Please set down exactly the lines of the listing below from the line containing "For supplies, you'll" through the line containing "These butterflies are", both lines included, leaving out all other lines.

________________________

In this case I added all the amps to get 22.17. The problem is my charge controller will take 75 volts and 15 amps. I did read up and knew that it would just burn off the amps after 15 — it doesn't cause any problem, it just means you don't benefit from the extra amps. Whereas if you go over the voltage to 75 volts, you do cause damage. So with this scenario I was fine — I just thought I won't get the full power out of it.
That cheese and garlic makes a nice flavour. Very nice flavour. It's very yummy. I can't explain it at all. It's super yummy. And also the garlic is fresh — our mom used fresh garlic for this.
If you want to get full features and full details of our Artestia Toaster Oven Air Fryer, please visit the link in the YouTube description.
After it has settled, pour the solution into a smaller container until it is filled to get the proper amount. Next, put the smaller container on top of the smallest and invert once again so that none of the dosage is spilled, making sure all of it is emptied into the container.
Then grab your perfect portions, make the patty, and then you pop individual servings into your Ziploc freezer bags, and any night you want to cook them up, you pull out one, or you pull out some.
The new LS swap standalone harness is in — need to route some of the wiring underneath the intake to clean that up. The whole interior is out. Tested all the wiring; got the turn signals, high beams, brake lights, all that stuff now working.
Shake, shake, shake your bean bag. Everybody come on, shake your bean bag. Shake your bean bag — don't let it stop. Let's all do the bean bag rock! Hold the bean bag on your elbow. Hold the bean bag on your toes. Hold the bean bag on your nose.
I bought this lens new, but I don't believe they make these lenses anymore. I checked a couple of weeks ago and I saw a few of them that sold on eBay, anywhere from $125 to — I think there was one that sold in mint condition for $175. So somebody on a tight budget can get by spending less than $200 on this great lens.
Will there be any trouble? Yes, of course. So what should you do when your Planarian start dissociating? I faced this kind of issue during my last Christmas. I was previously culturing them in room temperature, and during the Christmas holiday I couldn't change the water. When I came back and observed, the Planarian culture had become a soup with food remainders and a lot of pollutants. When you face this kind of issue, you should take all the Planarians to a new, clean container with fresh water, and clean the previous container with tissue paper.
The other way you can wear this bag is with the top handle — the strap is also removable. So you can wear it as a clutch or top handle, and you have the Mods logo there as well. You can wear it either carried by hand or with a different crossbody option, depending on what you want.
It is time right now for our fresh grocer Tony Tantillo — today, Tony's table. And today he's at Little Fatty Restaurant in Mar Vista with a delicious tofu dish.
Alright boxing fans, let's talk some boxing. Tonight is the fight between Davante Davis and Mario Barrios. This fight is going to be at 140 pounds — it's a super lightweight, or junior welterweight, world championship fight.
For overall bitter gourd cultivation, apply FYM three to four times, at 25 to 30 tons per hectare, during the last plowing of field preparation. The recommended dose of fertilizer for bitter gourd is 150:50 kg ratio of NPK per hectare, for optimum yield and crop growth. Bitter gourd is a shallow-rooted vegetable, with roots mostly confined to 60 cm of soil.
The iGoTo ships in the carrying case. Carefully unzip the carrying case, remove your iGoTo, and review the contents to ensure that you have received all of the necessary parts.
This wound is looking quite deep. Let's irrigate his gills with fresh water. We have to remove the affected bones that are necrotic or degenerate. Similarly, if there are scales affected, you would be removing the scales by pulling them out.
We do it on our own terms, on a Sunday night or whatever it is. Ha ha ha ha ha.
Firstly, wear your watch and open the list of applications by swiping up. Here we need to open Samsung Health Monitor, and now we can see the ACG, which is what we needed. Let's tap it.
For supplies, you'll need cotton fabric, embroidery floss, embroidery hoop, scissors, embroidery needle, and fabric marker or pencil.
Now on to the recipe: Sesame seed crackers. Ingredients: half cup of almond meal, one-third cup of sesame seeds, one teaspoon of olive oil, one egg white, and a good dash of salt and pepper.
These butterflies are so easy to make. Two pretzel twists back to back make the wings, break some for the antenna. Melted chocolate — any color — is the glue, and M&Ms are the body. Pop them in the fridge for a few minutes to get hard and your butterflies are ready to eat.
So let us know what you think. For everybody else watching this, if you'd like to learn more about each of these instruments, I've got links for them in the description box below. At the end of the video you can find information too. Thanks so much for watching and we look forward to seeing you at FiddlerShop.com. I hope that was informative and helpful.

________________________

▶ [TASK ANSWER]:
For supplies, you'll need cotton fabric, embroidery floss, embroidery hoop, scissors, embroidery needle, and fabric marker or pencil.
Now on to the recipe: Sesame seed crackers. Ingredients: half cup of almond meal, one-third cup of sesame seeds, one teaspoon of olive oil, one egg white, and a good dash of salt and pepper.
These butterflies are so easy to make. Two pretzel twists back to back make the wings, break some for the antenna. Melted chocolate — any color — is the glue, and M&Ms are the body. Pop them in the fridge for a few minutes to get hard and your butterflies are ready to eat.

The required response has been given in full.